There were a number of small tournaments that spring, played to build up our confidence, timing, and endurance. It’s all a prelude to the French Open, like an overture. You arrive in Paris in May, the best time of year in the city. The grounds of the arena, Roland Garros, are a kind of dream, the intimate stadium of center court, the colorful green banners that encircle the arena contrasting with the red clay, the crowds. I came in as the nineteenth seed. The top spots were occupied by, number one, Justine Henin, and number two, Serena Williams. Henin had won the French Open the previous year. She was one of the best clay court players of all-time, if not the best. It felt like there wasn’t a ball she wasn’t capable of getting back, especially on clay. She would drive me crazy, the way she kept sending every perfect shot I made back over the net with precision.

Henin did not have height or power, but none of that mattered here. The French Open does not favor power the way the U.S. Open and even Wimbledon do. In Paris, it’s all about fitness and finesse. On a dry day, the red clay is hard and cool. The game is fast then, and power can be a factor, but if there is the slightest drizzle or humidity, the clay absorbs the moisture and then everything gets boggy and slow. The surface turns to soup and the points wind down and the clay holds up even the flattest, hardest stroke. Playing in those conditions is a question of persistence and experience. The pros who grew up on this surface feel its rhythm and know when to stop and slide, how to skid into a ball. They excel when it rains or has rained or will rain, which is usually the case at least once in the course of a tournament. The French Open has a way of doing in even great players. Jimmy Connors. John McEnroe. Martina Hingis. Venus Williams. None of them have won the French Open.

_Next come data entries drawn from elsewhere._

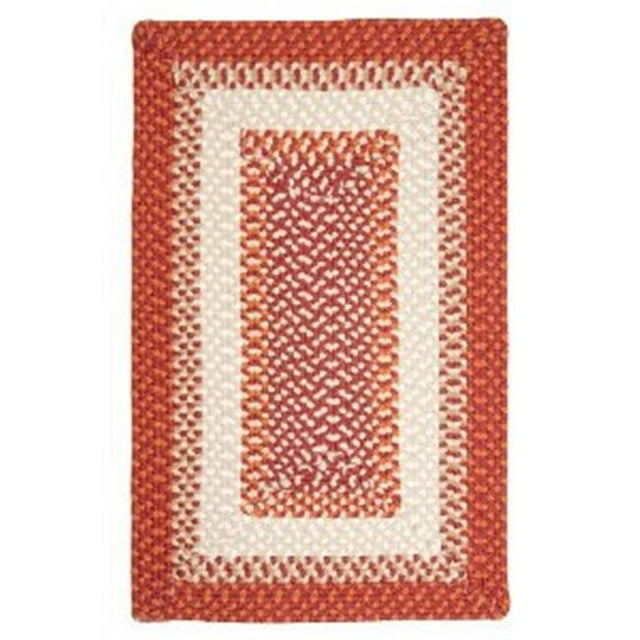 Colonial Mills Tapis MG79R024X072R Montego - Feu de Joie 2 Pi x 6 Pi Tapis Tressé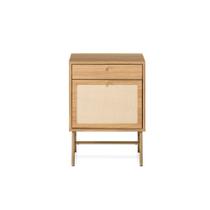 Mesa de Cabeceira Maya 3 Gavetas 43 cm x 40 cm Mesa de Cabeceira Maya 3 Gavetas 43 cm x 40 cm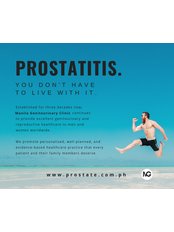 Prostate Screening (BPH, Prostatitis, Cancer) - Manila Genitourinary Clinic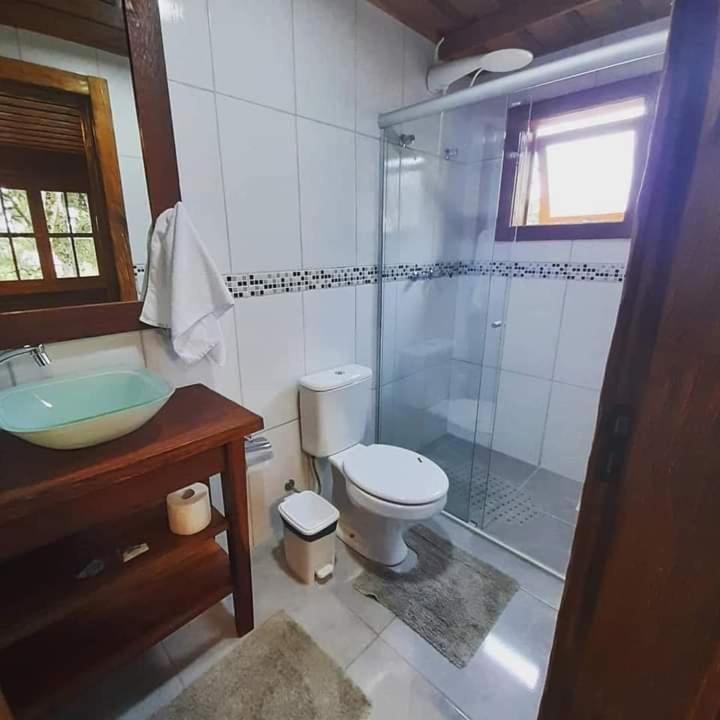 Refugio Jardim Mariana Hotell Canela Exteriör bild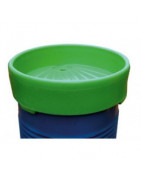 Bombas, embudos, filtros secadores para bidones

I beat Barbara Schwartz in straight sets in the first round, dropping just three games. She was an Austrian who had this one-handed, left-handed backhand that was never fun to play against. Second round? Straight sets again, this time over the Italian Rita Grande. I lost just two games. All the work I had done in the academy in Spain was paying off. I felt stronger on this surface than I’d ever felt before. The third round was a little more difficult. I faced another Russian, Vera Zvonareva, in this round. I might have won that match in straight sets, but something about her game made me uneasy, uncomfortable—as if we might always finish the match deep in the third set. It was straight sets again in the fourth round, this time over the German Marlene Weingärtner, known mostly for her stunning match with Jennifer Capriati at the 2003 Australian Open. She’d been down 6–4, 4–1, and somehow she came back to win. That was her moment.